Saturday, August 3, 2013

A Date with the Law



Meeting new people can be challenging.  Meeting new people to date is even more challenging.  These days one of the more common places to meet new people is online.  The following is an email my friend Caleb sent me, describing an experience he recently had with one of the many online dating platforms. 


Corban, it was absolutely a joy getting to catch up last weekend. I was really glad to hear from you and how life is coming along these days. I miss you my friend, and surely hope this finds you well. As promised, here is a story in great detail from my ridiculous, slightly shameful night with 3 female FBI agents and way too much…milk (milk was a bad choice).

It all began with the crushing defeat of the team with the Cinderella-story by the not-so-fairy-tailish NBA powerhouse from a certain Lone Star state. As the game came to a close in utter annihilation, I received a text from a friend, inquiring as to what I had planned for the rest of the night. Not seeing the message for some time, I picked up my phone to plan out my reply. Before I could respond, he arrived in giddy excitement.

"There is this fine looking girl on Tinder, who’s at Blind Bear with her friends and we're going to meet up; wanna come?"

Let me back up a bit, to explain this "Tinder." Tinder is hailed as "the digital equivalent of stepping into a party and immediately knowing which of the people you find attractive think you’re good looking, too" by the Huffington Post. Apparently hooking up happens in real time, in an unreal way.

Though I had an inkling as to what this night might hold, I embarked with Darin to the trendy bar where his not-so-romantic crush was waiting. In the dimly lit light of the speakeasy-themed…dairy farm…we scanned the room for a small group of young women who were also using their radar systems to spot the not-so-knight in shining armor in the throng of souls looking for something stronger than their eleven dollar…milkshakes…could muster.

He finally locked eyes with a girl who matched the profile on his Tinder account. With long brown hair and an inviting smile she threw her arms around him in a friendly hug, perhaps to minimize the awkwardness of finally meeting the guy who only previously existed in her phone. As they paired off to get acquainted the faithful friends and I sat down to try and ease the oddness we were feeling at being wing-women and wing-men who had apparently been grounded indefinitely. Who needs a wing-man when you have Tinder?

In the course of our conversation about who we are, where each of us is from and what we're doing here in this city, one friend mentioned that she was studying seismology as a graduate student at the local university. At this point my ears perked up; for we were in a city not known for its emphasis on the study of the earth's plates and geologic motion. An odd field of study for this particular region indeed. As I sipped my…milk…on the rocks and watched the young singer belt out an old rock song that my parents probably listened to many times in their youth, I felt the vapid intentions of the momentary lovers from across the room as they offered forced smiles and awkward caresses of the shoulder. But what can you expect from two strangers who both know the direction of the end of the night? When Tinder Girl and her friends got up to use the bathroom, Aaron turned to me and stated, secretly, "Dude, my girl is an F.B.I. agent." Midway through sipping my milk I heard these words and stopped my swallow. Before I could respond, they returned from the bathroom and announced, "We're going to get out of here."

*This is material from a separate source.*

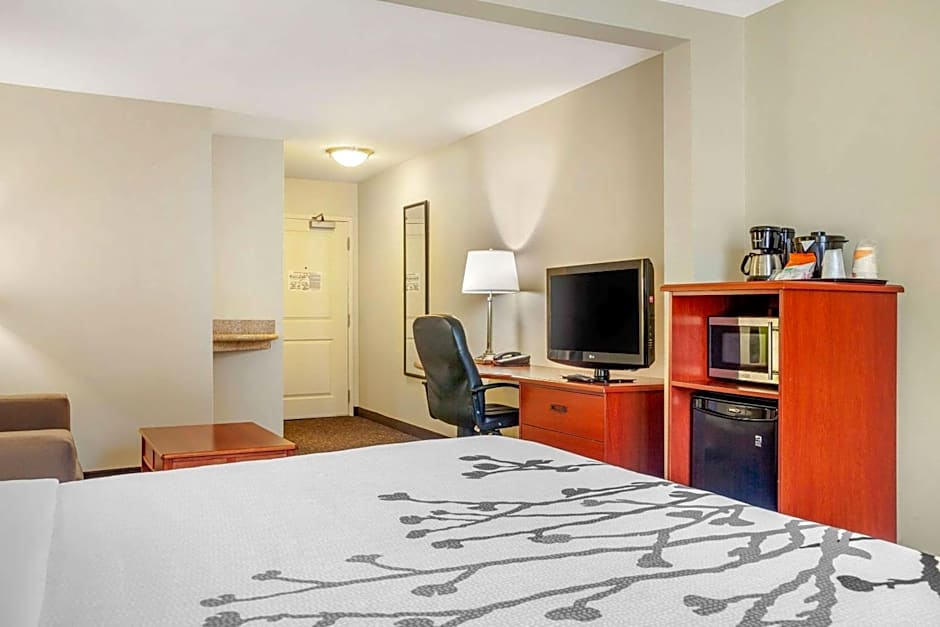 Sleep Inn & Suites Airport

After we had all finished…our shakes and milk glasses…the consensus was to move along to the next dairy of choice, in which a lively blues band had started to play, and the mood was vibrant. At the entrance to the dairy, there sat one of those pesky hostess wenches that just wants your money and checks to make sure your not an underage teenager who snuck out of their parents house. Just when I was about to lament the fact that I wasn't carrying the $5 needed to gain entrance, TInder Girl pulled out a wallet, and showed the girl at the door. With a surprised and irksome look on her face, she waved us all in to the bar. We had kept our $5, and the plot had thickened more. 

When our time at the music filled…dairy…had ended we journeyed to the only place that made sense: the dance club. Before we got to the entrance one of Tinder Girl's friend whispered, "I hope they don't do a frisk down" with a wink "cause some of us are packin" as she motioned to her leg. The foggy conscience I called my mental state heard what she had said, but couldn't respond in any other manner than with laughter. 

Upon leaving the dance club at 2 a.m, we ventured to the ladies' apartment, just a few blocks away. Darin tried eagerly to swoon his Tinder love and persuade her to let him come up with her to the place where I imagined they would probably just play a board game or some other innocent activity that had nothing to do with sex. Naivety aside, I desperately hoped that nothing would come of their dance and leave me either forced to head upstairs with them to an unknown fate or left on my own to find a way home. As they bantered back and forth in flirtatious fashion, I let my milk influenced gaze take in the empty streets and dark buildings, and feel the magnitude of the vacancy. After a couple minutes of this indecisive dialogue she curtly said goodbye and walked up the stairs...alone. Without seeming too distraught, Darin turned to me and shrugged his shoulders. 

"Lets get a cab," he said. Off we went in search of our ride home away from the revelrous evening that brought us in contact with the Law; even if they were off-duty.